'On the hunt': Legal experts explain how prosecutors are zeroing on Trump in tax fraud scheme
The Trump Organization isn’t a complicated setup, and investigators seem to have its leader targeted for prosecution.
The company and its chief financial officer Allen Weisselberg were indicted July 1 for tax fraud, but former president Donald Trump was not personally charged despite having almost unlimited authority over his family business, reported the Huffington Post.
“The Trump Organization is an avatar for Donald Trump, in every way imaginable: financially, emotionally and psychologically,” said Trump biographer Tim O’Brien. “The core company is a mom-and-pop shop on Fifth Avenue.”

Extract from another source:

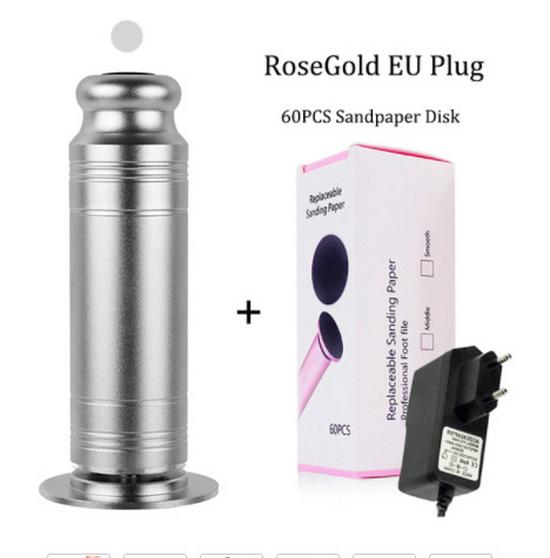 

Электрическая шлифовальная машинка для ног - автоматический инструмент для удаления омертвевшей кожи и отшелушивания мозолей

O’Brien can’t imagine that Trump didn’t know about the scheme described by prosecutors, but to indict the ex-president they must show that he knew the employee fringe benefits were illegal but approved them anyway.
“There has to be personal, specific knowledge,” said Danya Perry, a former federal prosecutor in New York City. “You can’t just impute knowledge.”

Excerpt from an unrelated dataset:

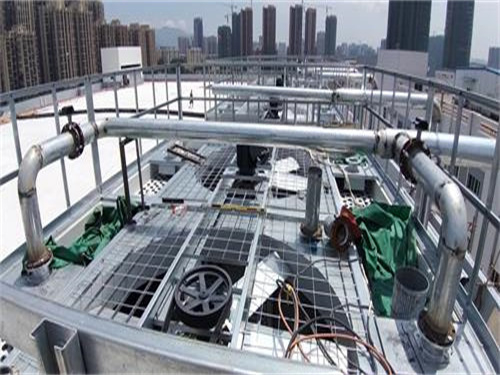開式冷卻塔使用前的檢查工作注意事項(開式冷卻塔原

Trump formed hundreds of interlocking corporations for his various assets, which O’Brien says was an overreaction to his near bankruptcy in the 1990s, but the journalist said all roads in the Trump Organization come back to its namesake.

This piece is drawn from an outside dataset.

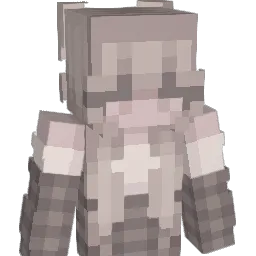 xlittletinyghost Minecraft avatar bust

“This is basically a corner grocery with a guy behind the counter munching on a hamburger,” O’Brien said,”and he’s the owner of the store.”
His longtime personal attorney Michael Cohen, who served a prison term for crimes committed on behalf of his former boss, said there’s no way Trump didn’t know about the tax fraud scheme.
“The checks for bonuses were all signed by Trump,” Cohen said. “The argument that he was unaware of these funds being given to Weisselberg or others is pure nonsense.”
Trump offered a hint about his defense when he told supporters at a Florida rally that he didn’t know fringe benefits should have been reported for tax purposes, but Perry said that may offer useful clues to prosecutors.
“It certainly could be seen an admission,” Perry said. “I’m sure the prosecutors are watching him very closely.”
Blaming everything on Weisselberg might not work, according to ethics lawyer Norm Eisen, who served in Barack Obama’s White House and worked on the House committee leading Trump’s first impeachment.
“It would be beyond implausible — it would be ridiculous,” Eisen said. “Prosecutors have built the framework for a future case targeting Trump personally. … Prosecutors are on the hunt.”